> **TRY IT**
In the entries below, begin at the line that has "Live Bus Accident", stop after the line that has "Chora 5 - By Tinoshost Tinos", and output those lines exactly with no pictures.

> **SUPPLIED MATERIAL**
+--

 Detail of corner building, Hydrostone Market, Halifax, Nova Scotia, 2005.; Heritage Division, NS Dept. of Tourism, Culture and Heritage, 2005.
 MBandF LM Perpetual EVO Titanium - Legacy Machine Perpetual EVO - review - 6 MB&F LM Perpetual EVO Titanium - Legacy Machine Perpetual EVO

+--

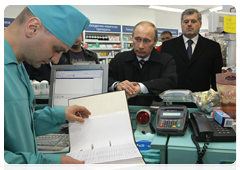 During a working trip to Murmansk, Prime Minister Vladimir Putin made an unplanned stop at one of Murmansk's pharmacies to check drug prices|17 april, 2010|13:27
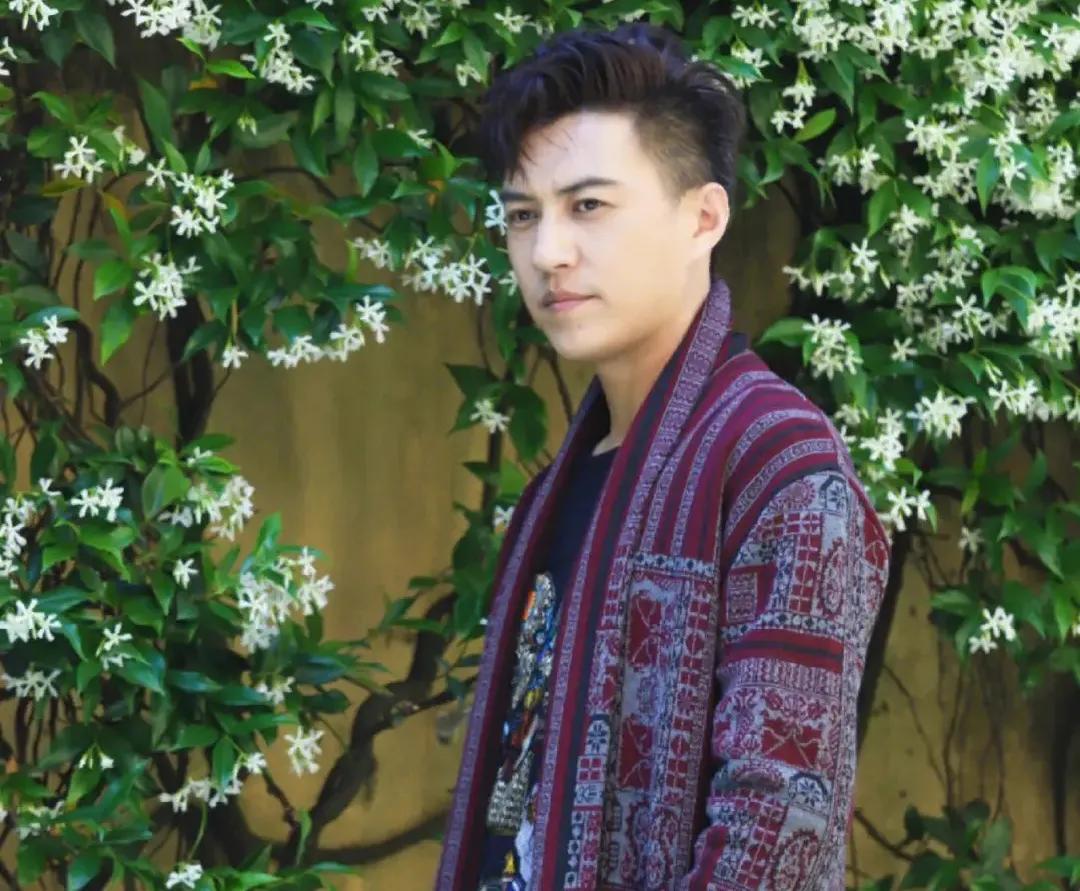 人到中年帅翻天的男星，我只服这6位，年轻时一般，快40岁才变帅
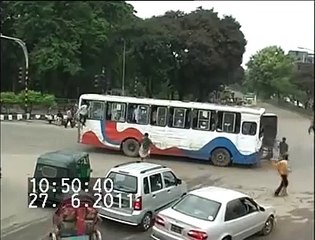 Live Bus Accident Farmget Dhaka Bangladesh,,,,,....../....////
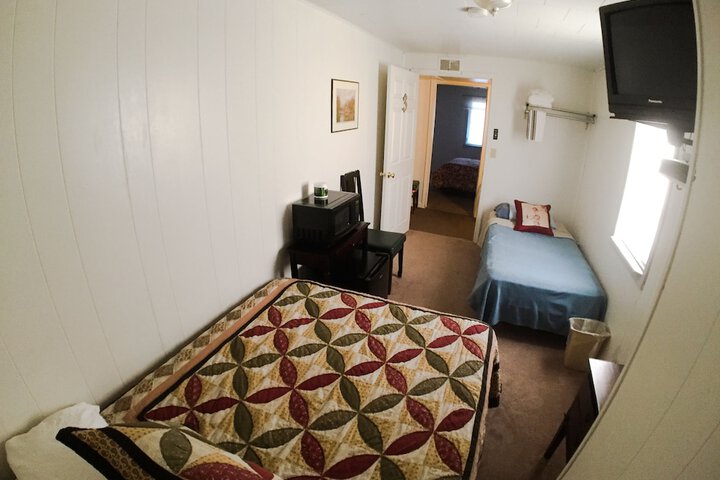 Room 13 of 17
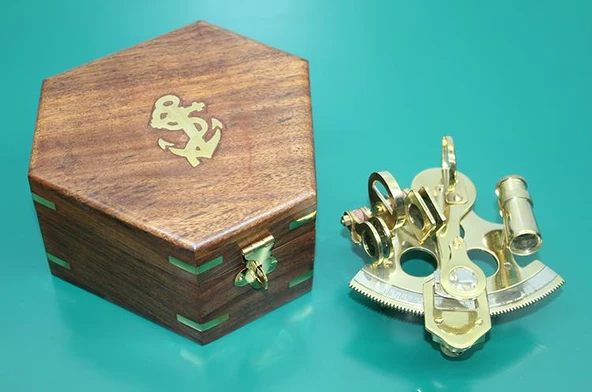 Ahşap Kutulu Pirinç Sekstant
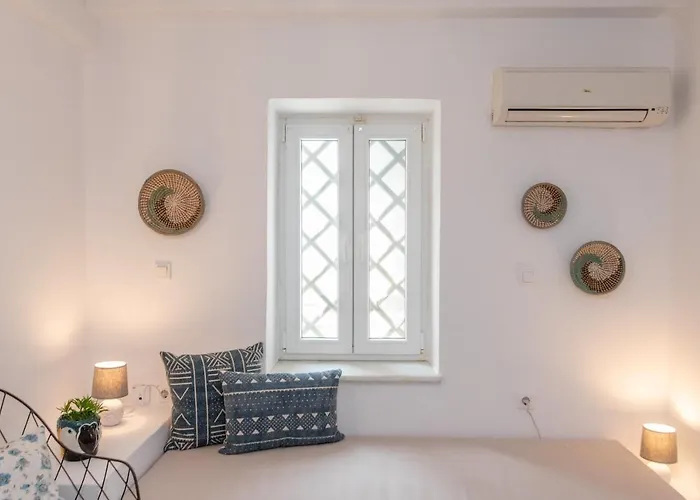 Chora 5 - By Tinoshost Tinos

+--

> **OUTPUT FOR THIS TASK**
 Live Bus Accident Farmget Dhaka Bangladesh,,,,,....../....////
 Room 13 of 17
 Ahşap Kutulu Pirinç Sekstant
 Chora 5 - By Tinoshost Tinos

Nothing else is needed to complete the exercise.